While I have no intention of keeping anyone on the edge of their seats for a minute longer than necessary — indeed if things had gone properly, no one would be sitting on the edge of anything at the moment — at the same time, I’m having great pleasure in describing, not just a couple of skirmishes, not one or two battles, but a war (if a short one), from beginning to end, in sufficient detail within the present limitations of length to satisfy me.

Duane also has tried to work some retroactive continuity with the movies into her novels.

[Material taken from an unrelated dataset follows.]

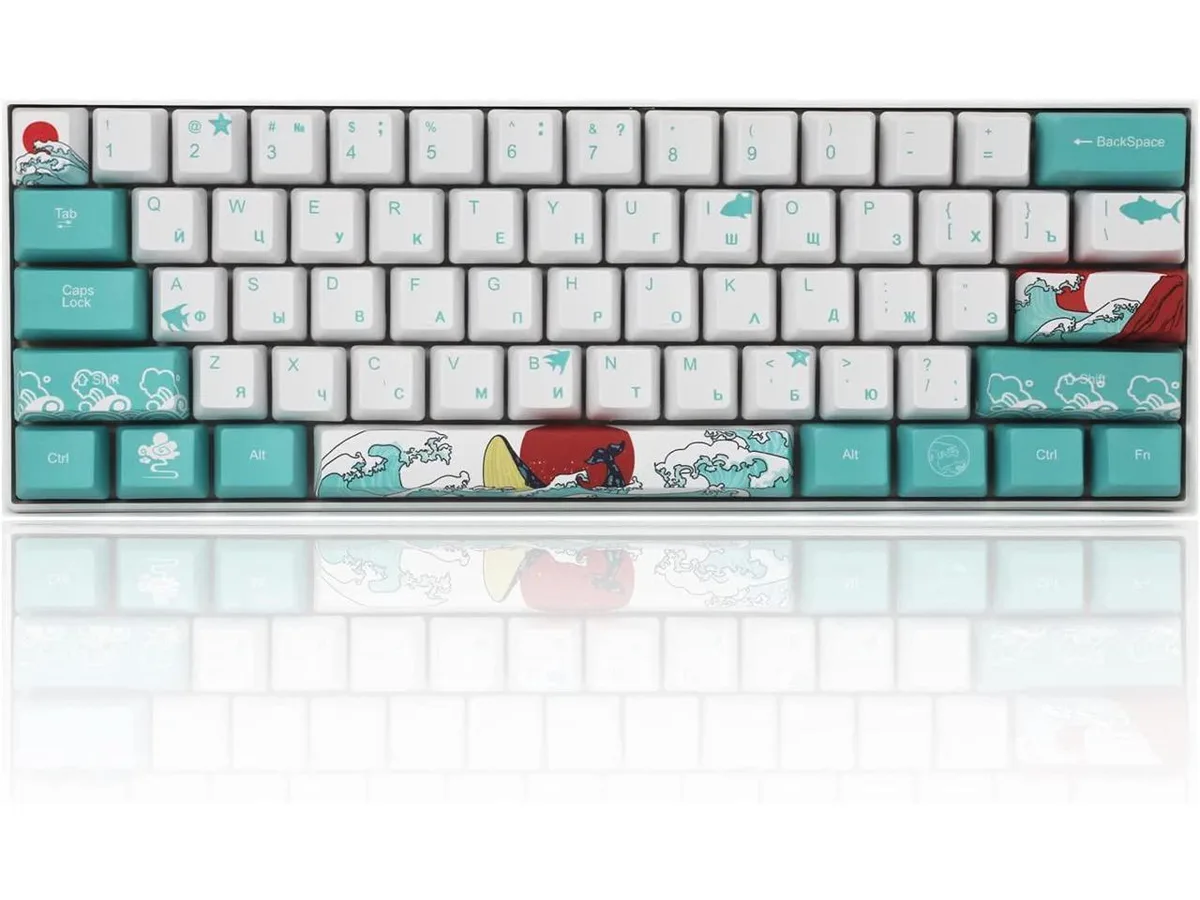 Coral Sea 60% PBT keycap set, 70 keys, OEM profile, dye-sub legends, MX stems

“Here in this group of books (for me) is where Kirk does his admiralty work: the qualifying planning, not of mere battles, but of a campaign, that wins him his Admiral’s stripes. Since after TOS we come to see Kirk wearing those stripes, I prefer to believe that he did something to deserve them. Here I try to suggest what that might have been, rather than acquiescing to the idea that he was kicked/promoted upstairs for no particular reason except that he, his crew and his ship were Real Good At Surviving. In particular, more than a decade ago I had a couple of chats with Robert Heinlein about this concept, and the material in the newest Rihannsu books is the working-out of some of the things we were discussing. I just wish he was still alive to see what finally came of it.”

Something of a linguist, Duane also worked to develop a language for her version of the Romulans. A small glossary of Rihannsu vocabulary appears at the end of The Romulan Way.

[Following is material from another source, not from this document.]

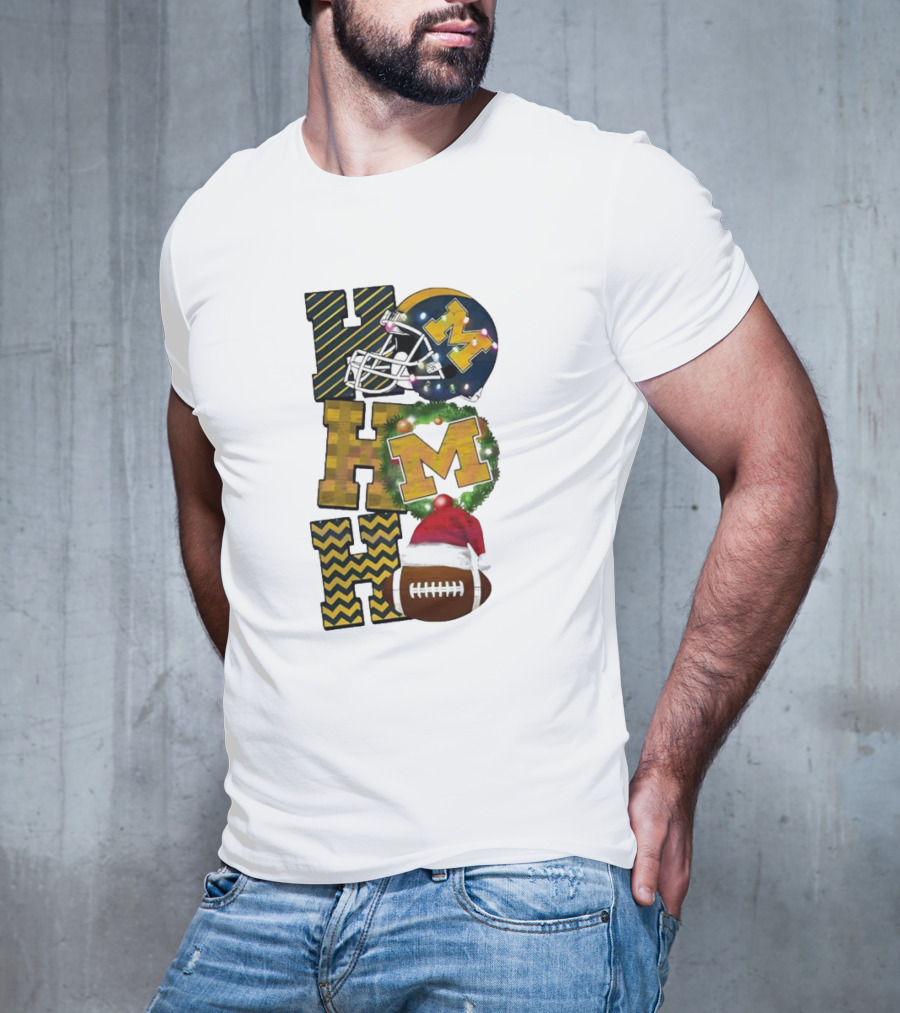 Michigan Wolverines Football Helmet Wreath Christmas Ho Ho Ho T-Shirt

“I have some syntactical and ‘language construction’ notes which haven’t yet been published. If there’s room at the end of Chair, I’ll include them there. There’s been no significant expansion of the glossary, though. Too busy.”

Though many fans were angered by the official declaration of the Rihannsu series as an “alternate Star Trek universe” by Pocket Books, Duane was pleased with the creative liberty this entailed.

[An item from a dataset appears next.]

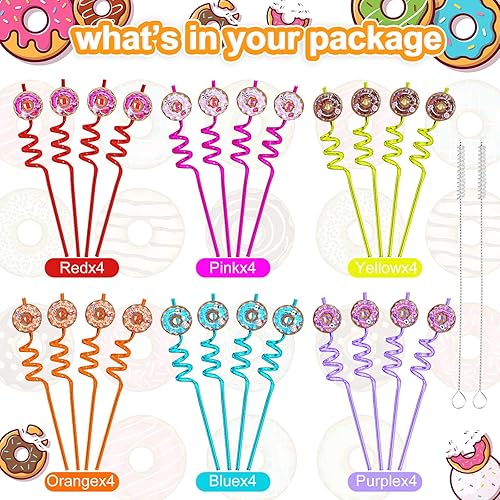 Miniatura 6 de 24 popotes reutilizables con purpurina para beber, suministros de fiesta de donas, regalos de decoración de fiesta de cumpleaños con 2 cepillos de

“Does it bother me? Not even slightly: rather, I’m charmed that Paramount has gone somewhat out of its way to allow me the freedom to share my vision of this people with so large an audience. Believe me, Paramount’s being pretty nice about it. There are some licensed universes where this kind of thing would not be tolerated under any circumstances, and the writer attempting it would be declared persona au gratin and thrown out of the offices almost before the crust finished browning.

“As to whether the Rihannsu should ever become canonical — this is, finally, a matter which is going to be resolved at the TV or film level, by the people working in it, at their discretion and theirs alone. There was briefly some muttering among some folks on the newsgroups about starting some kind of campaign aimed at getting Paramount to use my Romulans,or make sure I was involved in the movie, or whatever. I don’t want this. Among many other reasons, such a campaign would have the potential to damage other projects Peter and I are working on. Some people have the idea that my work is somehow being slighted, or that I’m being done some kind of wrong, by the filmed version of Trek not taking my stuff into account. While I take their concern for me very kindly, I still think the idea is fallacious.”

History has had a great influence on Duane’s development of the Rihannsu. “I’ve been following what I believe to be Dorothy Fontana’s lead, mostly, and thinking of [the Rihannsu] (to a certain extent) as Romans,” she said, “but Romans caught in that difficult post-Republican period, when memories of a smaller, simpler Republic keep jostling up against the needs of a growing Empire.”

As of right now, The Empty Chair is intended to be Duane’s final word on the Rihannsu. “But I have been known to change my mind,” she added with a smile.

It has not yet been scheduled for release by Pocket Books.